Le principe de proportionnalité et le principe de traitement minimal des données[3] doit guider le juge pour effectuer correctement cette pesée des intérêts. S’il est possible de fournir d’autres preuves contenant moins de données personnelles ou si certains noms peuvent être anonymisés et que l’objectif souhaité est atteint, cette option est toujours préférée. Le juge est censé utiliser des moyens moins intrusifs, si possible, tels que :
Soumettre des pièces justificatives alternatives contenant moins de données personnelles ; Anonymiser les personnes impliquées ; Restreindre l’accès du public à certaines données personnelles. Décision
Depuis l’introduction du nouveau droit de la preuve en Belgique le 1er novembre 2020, les parties sont légalement tenues de coopérer pour fournir des preuves. Cela peut entraîner des complications dans les situations où des données personnelles sont demandées. Cependant, le RGPD oblige les juges à faire preuve de retenue à cet égard, ce qui pose la question de savoir si la découverte de la vérité est limitée par le RGPD. Le juge doit gérer cette tension avec précaution et toujours rechercher une solution équilibrée.

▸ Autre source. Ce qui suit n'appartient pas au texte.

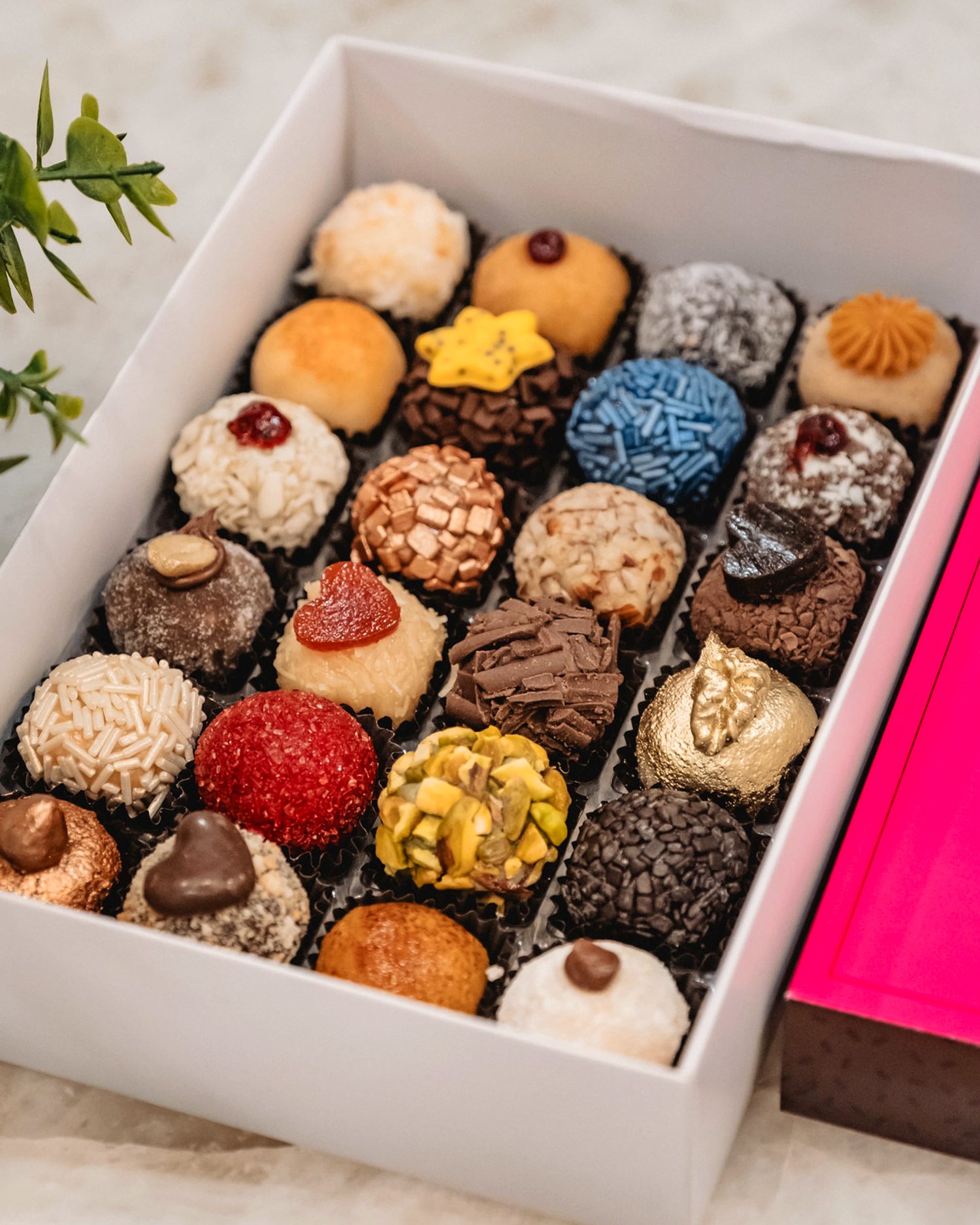 Caixa Miss Gatty aberta com trinta brigadeiros gourmet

Avec cet arrêt, la Cour de justice précise que le RGPD ne peut être ignoré, même dans le cadre d’une procédure civile. Même si le droit à la protection des données personnelles doit être garanti, cela ne doit pas automatiquement conduire à la rétention de preuves contenant des données personnelles. Cela entraverait inutilement la recherche de la vérité. Le juge doit toujours rechercher si des mesures moins drastiques sont possibles, comme des déclarations de témoins, l’anonymisation des données personnelles ou la limitation de l’accès du public à certaines données.
En tant qu’avocats, nous critiquons l’utilisation du RGPD comme argument ou excuse pour cacher des preuves incriminantes. La transparence et la régularité de la procédure exigent que tous les faits pertinents soient pris en compte. Le défaut de preuve ne devrait donc être acceptable que dans des situations exceptionnelles. Notre préférence va à l’ouverture et à la recherche de la vérité, dans le respect de la protection de la vie privée lorsque cela est possible.

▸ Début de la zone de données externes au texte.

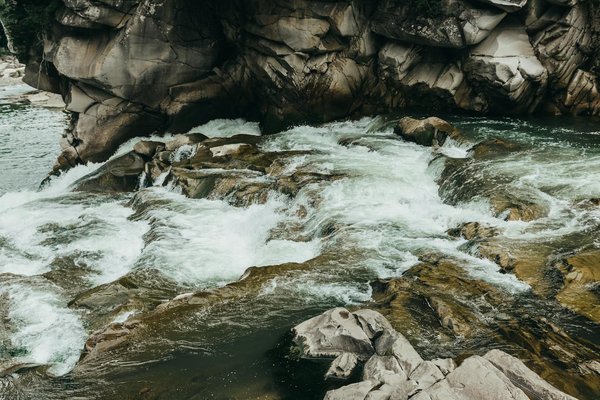 Peut-on louer une maison de vacances en Toscane avec des cours de peinture et des randonnées dans les collines?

Sources juridiques : RÈGLEMENT (UE) 2016/679 DU PARLEMENT EUROPÉEN ET DU CONSEIL du 27 avril 2016 relatif à la protection des personnes physiques à l’égard du traitement des données à caractère personnel et à la libre circulation de ces données et abrogeant la directive 95/46 /CE (Règlement Général sur la Protection des Données) ; 2 mars 2023, C-268/21, ALLEMEERSCH, « Les juges qui ordonnent la production de documents doivent se conformer au RGPD », RW 2022-23, n° 36, 6 mai 2023 ;
[1] CJCE. 2 mars 2023, C-268/21
[2] B. ALLEMEERSCH, « Les juges qui ordonnent la production de documents doivent se conformer au RGPD », RW 2022-23, n° 36, 6 mai 2023.